Мы должны бороться не за территории, а за людей. Фактически мы выступаем защитниками так называемого "второго и третьего мира", против "первого". Вот вам яркий пример несправедливости: "первый мир" требует зелёной повестки, при этом он потребляет 80 процентов мировой электроэнергии. Очень хорошо требовать зелёной повестки за счёт других: мол, мы "зелёные" и чистенькие, а вы загаживаете планету. И тут очень тонкие материи включаются. Не поймут нас ни Индия, ни Китай, ни Африка, если мы применим тактическое ядерное оружие против людей, которых мы считаем своими в будущем.

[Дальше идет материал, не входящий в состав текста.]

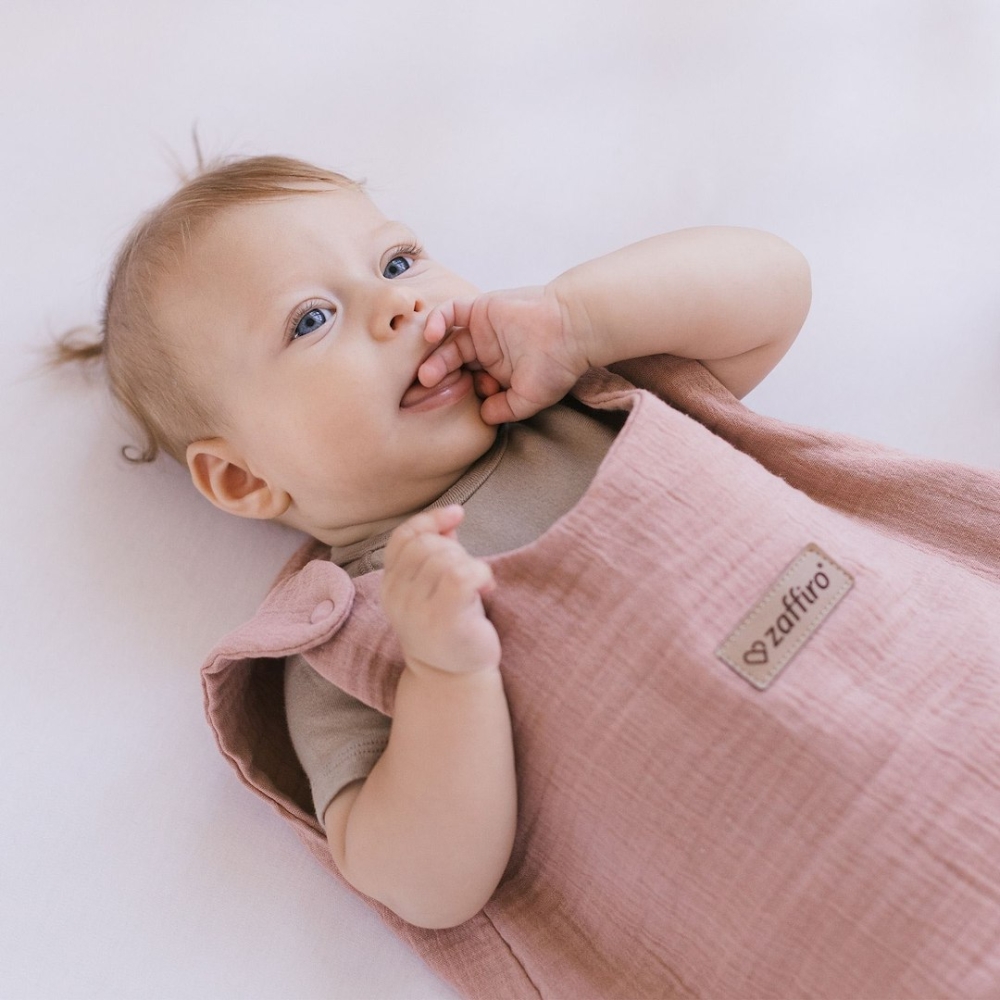 Sleeping bag muslin 2,5 TOG Malaga 6-12m baby pink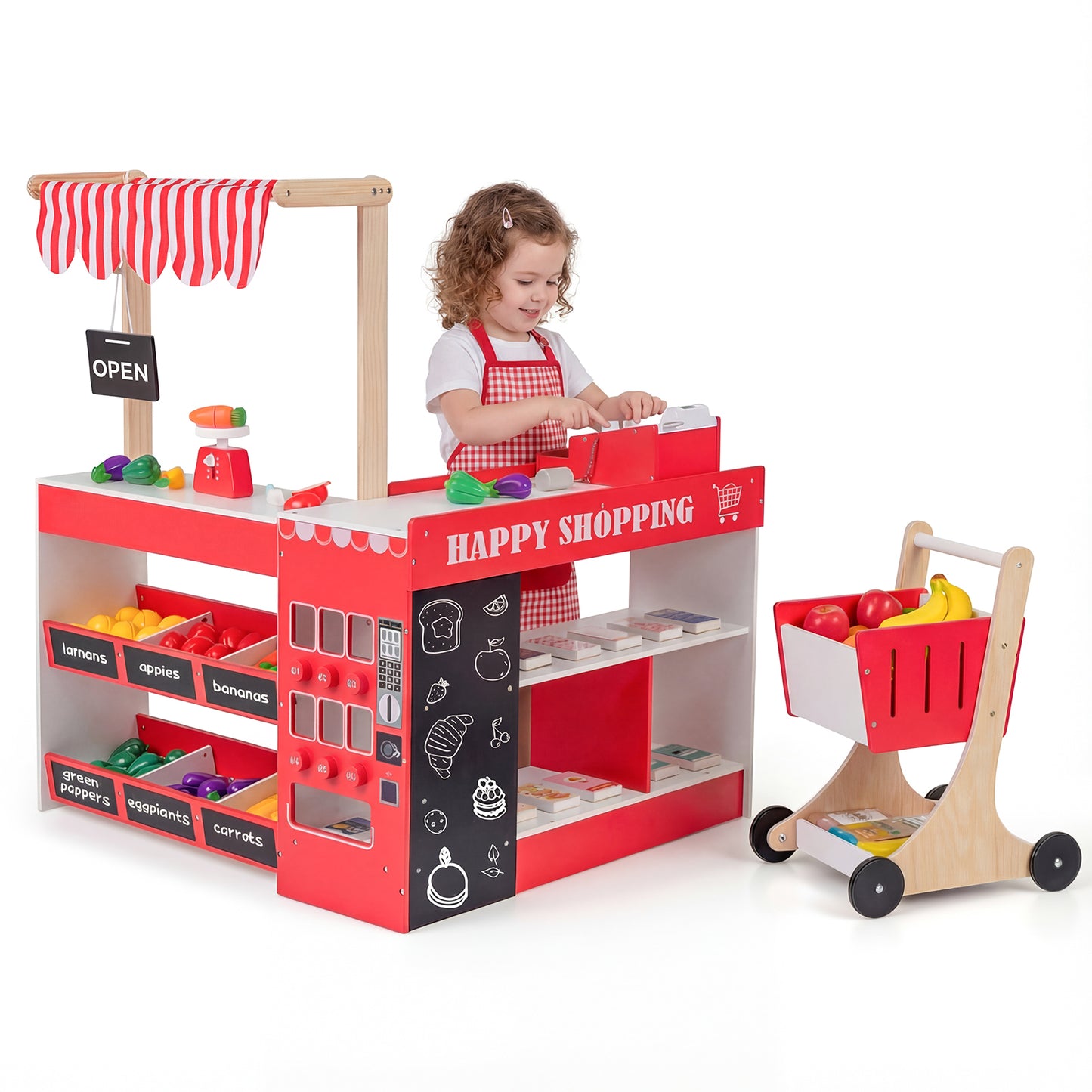 Kids Grocery Store Playset Wooden Pretend Play Supermarket with Shopping Cart-Red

Поэтому, с одной стороны, Россия действует с позиции силы, а с другой стороны — ограничена мировым общественным мнением.
В любом случае переговоры с Западом невозможны. Европа исключила российскую власть из жизни и лишила её легальности и легитимности. Мол, мы не признаём вас властью, вы уголовные преступники, а с уголовниками мы не разговариваем. Мы будем разговаривать со следующей российской властью. А значит, отступать нам некуда.